05-29-2008, 07:41 PM
Congratulations on an excellent placement. Are you a JET?
I lived in Hamamatsu for a year, so you should definitely get in touch with me (send me a PM). I'm afraid I didn't have much luck finding Aikikai dojos first time around, although I know of a few now. The Aikido scene is dominated by Seifukai style (Yoseikan Budo), so I ended up mainly doing that for the duration. They practiced in the city Budokan and Toyoda-cho. I found a Tesshinkan (style of aiki based on the wakizashi) dojo at the Shizudai campus and I had some friends doing Shodokan.

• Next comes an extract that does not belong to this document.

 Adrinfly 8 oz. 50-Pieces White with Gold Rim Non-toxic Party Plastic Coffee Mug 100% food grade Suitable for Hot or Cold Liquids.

The airforce base has an Aikikai dojo, but I got surrounded by guys with machine guns when I tried to enter. They gave me some forms to fill in to get permission, but it was going to take a couple of months. I found a dojo in Kakegawa that shares with a karate club but I was leaving Japan by that point. I later found an Aikikai group (http://www.inh.co.jp/~ham-aiki/)connected to the university training in the city, plus Hamakita, Iwata and Kakegawa. There's also a fourth dan teaching in nearby Fukuroi (http://ip.tosp.co.jp/i.asp?I=hukuroiaikido&P=3) and there's a dojo just over the prefectural border in Toyohashi.

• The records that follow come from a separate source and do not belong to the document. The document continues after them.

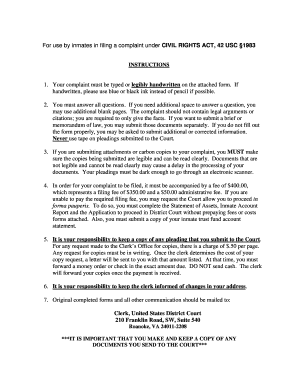 Civil Rights Complaint Form for Inmates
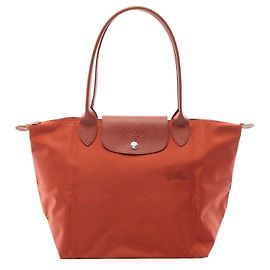 Bolsa Tote Longchamp Le Pliage Green M em lona e couro Marrom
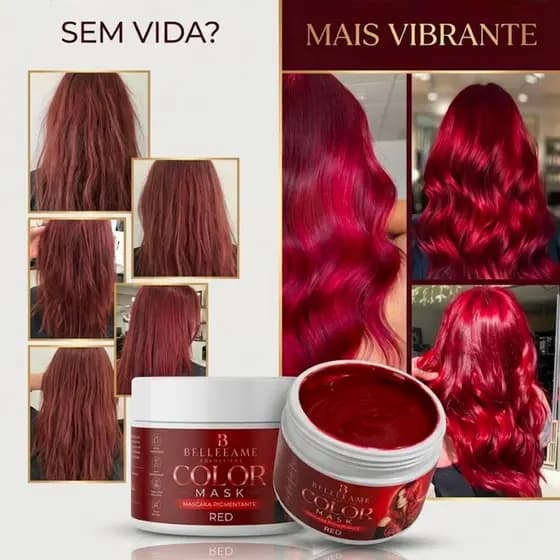 Tonalizante Vermelho Cereja - S/ Amônia - Resultado 100% Natural Belleame 300g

I might check out one of these dojos myself soon, since I go back to visit every now and again, so I'll keep you posted.
06-01-2008, 04:52 PM
I lived in Hamamatsu for a year, so you should definitely get in touch with me (send me a PM). I'm afraid I didn't have much luck finding Aikikai dojos first time around, although I know of a few now. The Aikido scene is dominated by Seifukai style (Yoseikan Budo), so I ended up mainly doing that for the duration. They practiced in the city Budokan and Toyoda-cho.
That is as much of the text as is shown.